From what I understand, Argentina has experienced a lot of people leaving for sunnier shores like Spain and the rest of the EU.

I agree that they should view each country, on a case by case basis though.
 
Poland was and is still an emerging market.

True, but in many ways, so was Argentina. And Argentina was never crippled by the state planning of the USSR satellite system.

They had/have a lot of potential and not as much brain drain, like Argentina.

But on the flip side, Poland never had the raw material reserves that Argentina does.
 
True, but in many ways, so was Argentina. And Argentina was never crippled by the state planning of the USSR satellite system.

You have to remember Argentina was one of the most prosperous states in the world prior to their collapse.
I think they were the 8th largest at one point.

Poland on the other hand, was nearly 3rd world, with tons of potential energy.
So to speak.

But on the flip side, Poland never had the raw material reserves that Argentina does.

That is true.
 
I don't think Argentina is done.
I think they could, eventually, head right back into the crapper, especially with the corruption of the Kirchner's.

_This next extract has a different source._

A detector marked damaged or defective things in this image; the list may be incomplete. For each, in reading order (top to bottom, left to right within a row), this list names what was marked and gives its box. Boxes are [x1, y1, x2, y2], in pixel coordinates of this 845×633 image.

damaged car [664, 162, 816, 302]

That is another matter, but the fact is that the IMF bailout worked so far in Argentina.. remember it is a decade or so ago now.
 
Poland was and is still an emerging market.
They had/have a lot of potential and not as much brain drain, like Argentina.

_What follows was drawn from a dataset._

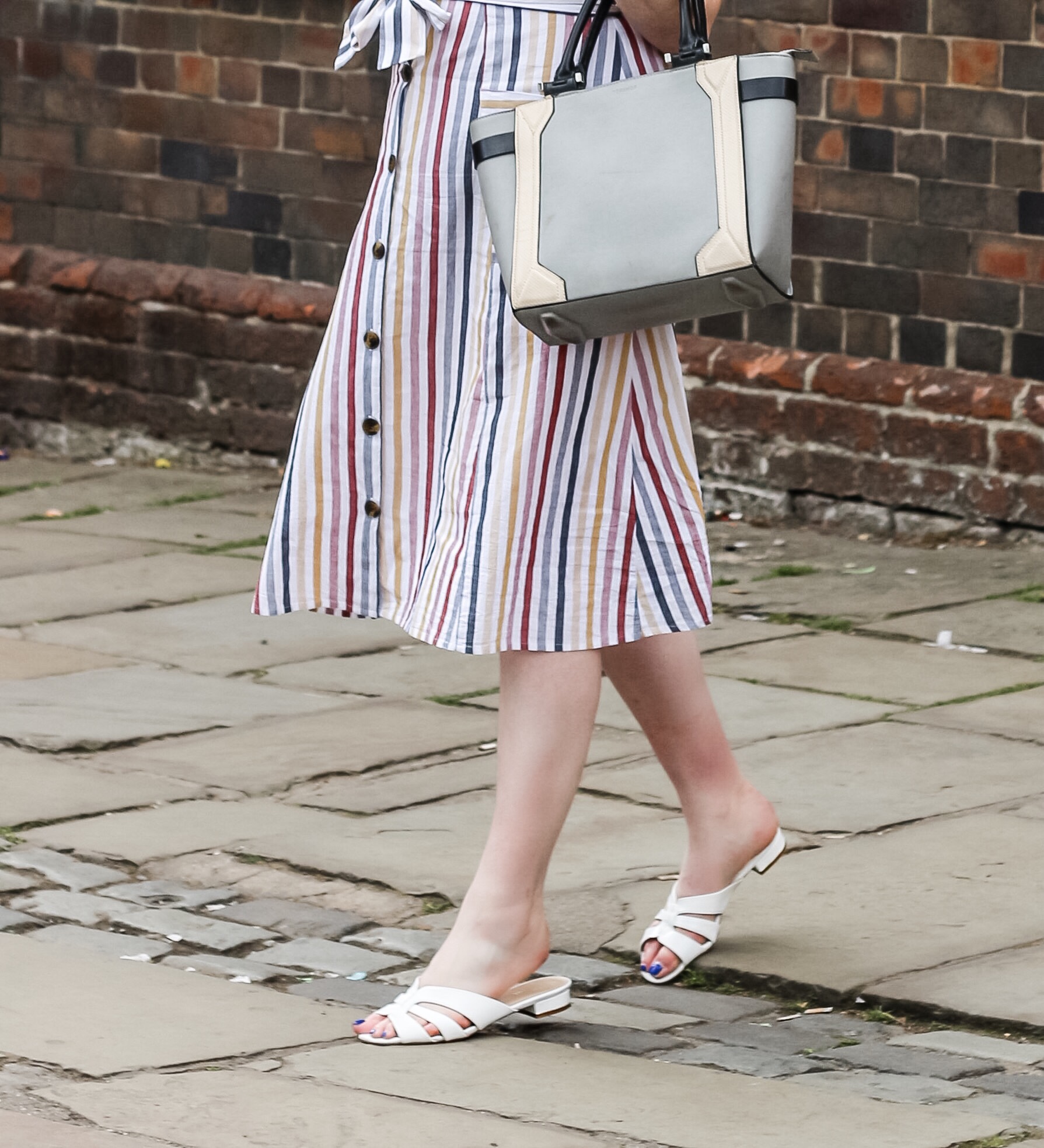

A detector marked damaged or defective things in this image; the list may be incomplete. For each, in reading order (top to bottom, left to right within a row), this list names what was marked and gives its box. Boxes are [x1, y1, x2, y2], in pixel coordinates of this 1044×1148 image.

cracked pavement [2, 452, 1044, 1143]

Poland has 15+% unemployment and has had it for a decade. Their brain-drain is far larger than it was/is in Argentina since Poles are free to roam the EU, where as Argentinian's need permission (and to go across the Atlantic ocean) to enter the EU.

From what I understand, Argentina has experienced a lot of people leaving for sunnier shores like Spain and the rest of the EU.

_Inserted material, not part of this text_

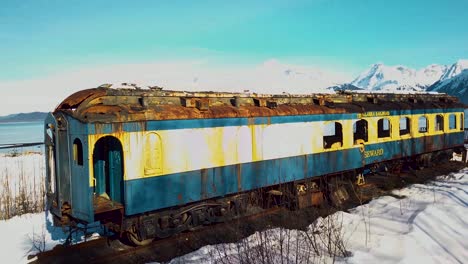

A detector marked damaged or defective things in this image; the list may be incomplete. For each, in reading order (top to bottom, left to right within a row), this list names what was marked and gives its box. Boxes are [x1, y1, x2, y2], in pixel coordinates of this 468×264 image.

Yes, and many have returned. It is not a "brain-drain" as in the educated masses (doctors and so on), but often the lower middle-class and lower who were very hard hit by the IMF bailout and Argentinian crash. Many of the Argentinian's who came to Spain were bricklayers, electricians and that kind of person. My own electrician is from Argentina :)
 
Yeah - if you're ****ed and you act WAAAY to little WAAAY to late no amount of cutting-spending is going to help - of course.

Taking in an IMF loan, hiking taxes on people, and snipping people's paychecks is *not* going to help - it's going to hurt . . . and these are the things that Greece and other countries have done as part of their IMF (and other) loan-deals.

Cutting spending does work when it's done preemptively - Greece should have taken slow steps in a new direction maybe 10 or 15 years ago, or more.
 
For once I agree with Pete. The countries are already in bad shape. It's like blaming chemotherapy for the death of a cancer patient.

Part of the issue with these countries is the level of corruption within their governments. In that regard, cutting government spending is a necessary poison pill.
 
Cutting spending doesn't mean much if you take on a lot more debt in the process. Although the burden of government will be lessened for a while, people know it will increase again when those loans have to be paid.
 
You got a link for that?

That really doesn't sound right.

My timing was a bit off, my bad :doh

"Argentina increased in prosperity and prominence between 1880 and 1929, while emerging as one of the ten richest countries in the world, benefiting from an agricultural export-led economy, as well as British and French investment. Driven by immigration and decreasing mortality, the Argentine population grew fivefold and the economy by 15-fold.[17] Conservative interests dominated Argentine politics through non-democratic means until, in 1912, President Roque Sáenz Peña enacted universal male suffrage and the secret ballot."